* Instructions for the task
Only one part of the listing is needed: the lines from the one with "Breathable Cotton Socks" through the last line, copied exactly and free of pictures.

•••••

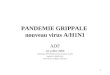 1 PANDEMIE GRIPPALE nouveau virus A/H1N1 ADF 1er juillet 2009 Dominique TRICARD (mission dappui IGAS) Sophie LE BRIS (PJJ) Anne-Marie TAHRAT (DGAS)
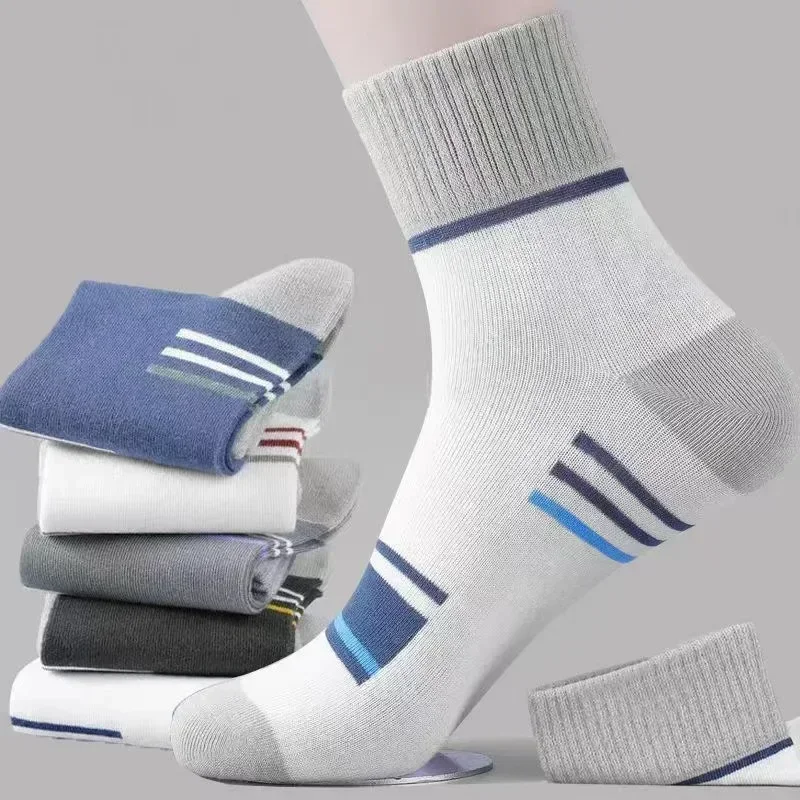 Breathable Cotton Socks Spring Striped Casual Hosiery Men's Anti-odor Antibacterial Business Socks Sweat Absorption Sports Socks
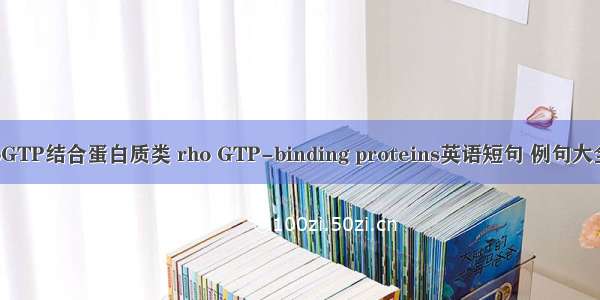 pGTP结合蛋白质类 rho GTP-binding proteins英语短句 例句大全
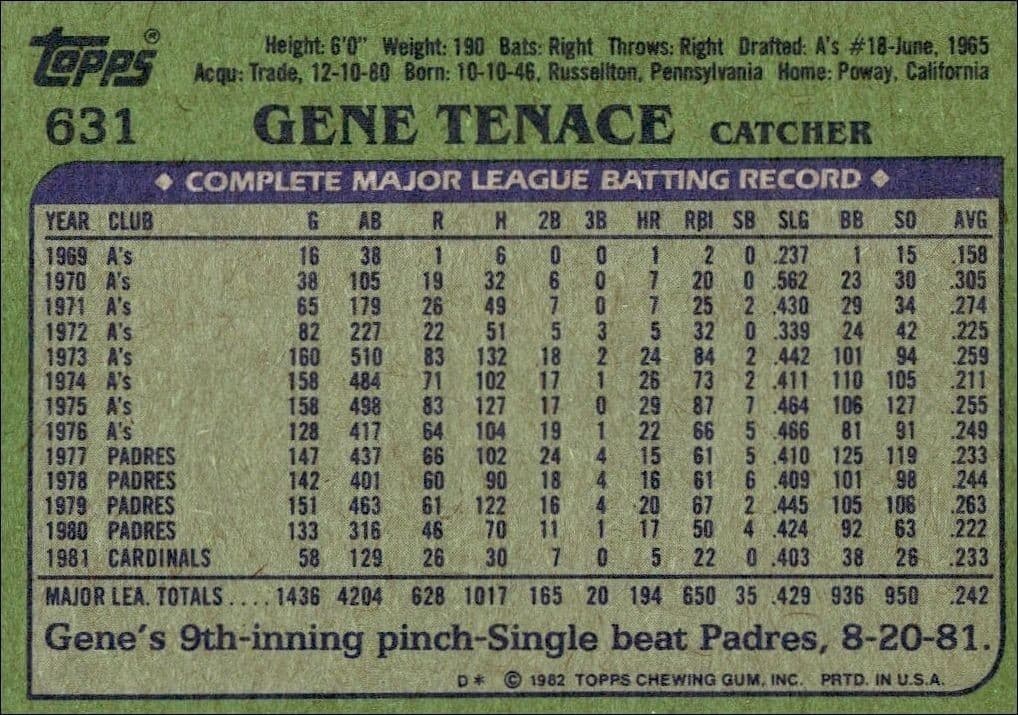 Gene Tenace - Back
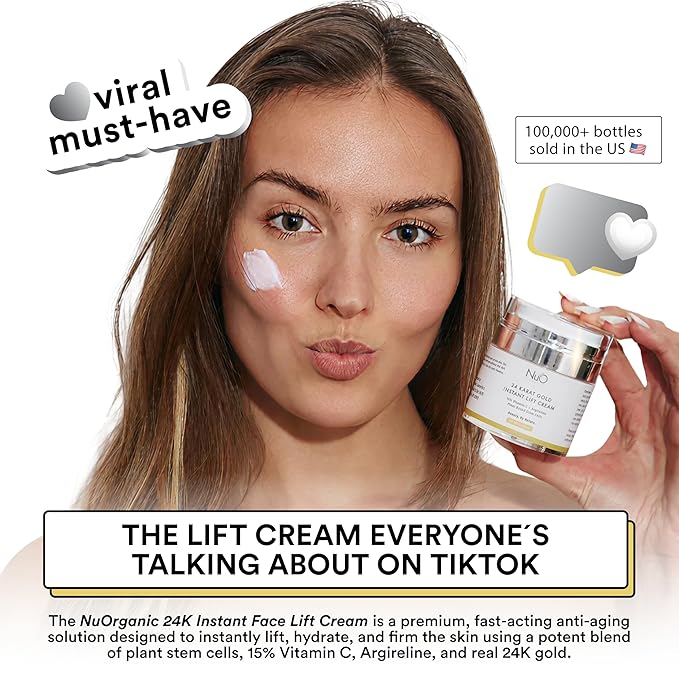 nuorganic 24k Instant Face Lift Cream - Advanced Anti-Aging Moisturizer with Plant Stem Cells for Youthful Glow - Cruelty-Free Wrinkle Cream for All Skin - Vegan Beauty Skincare, 50ml 3-Month Supply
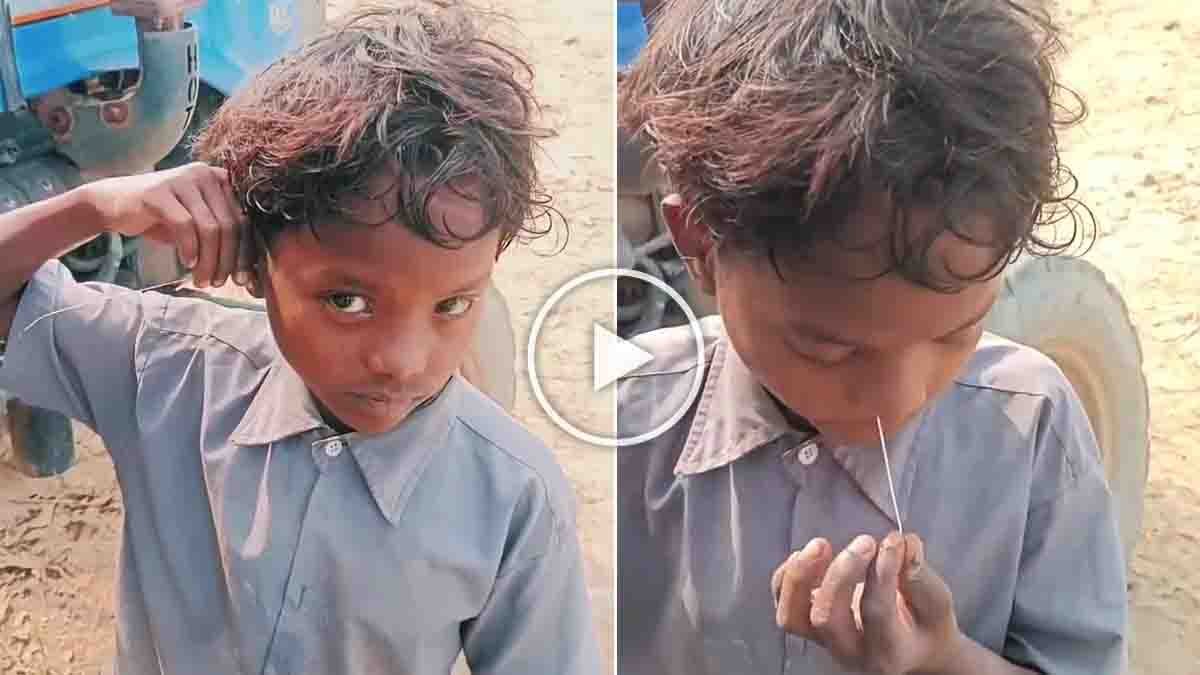 Village boy performing a shocking physical stunt by pulling a wire from his nose after inserting it in his ear, viral social media talent video from rural India.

•••••

* Written response
 Breathable Cotton Socks Spring Striped Casual Hosiery Men's Anti-odor Antibacterial Business Socks Sweat Absorption Sports Socks
 pGTP结合蛋白质类 rho GTP-binding proteins英语短句 例句大全
 Gene Tenace - Back
 nuorganic 24k Instant Face Lift Cream - Advanced Anti-Aging Moisturizer with Plant Stem Cells for Youthful Glow - Cruelty-Free Wrinkle Cream for All Skin - Vegan Beauty Skincare, 50ml 3-Month Supply
 Village boy performing a shocking physical stunt by pulling a wire from his nose after inserting it in his ear, viral social media talent video from rural India.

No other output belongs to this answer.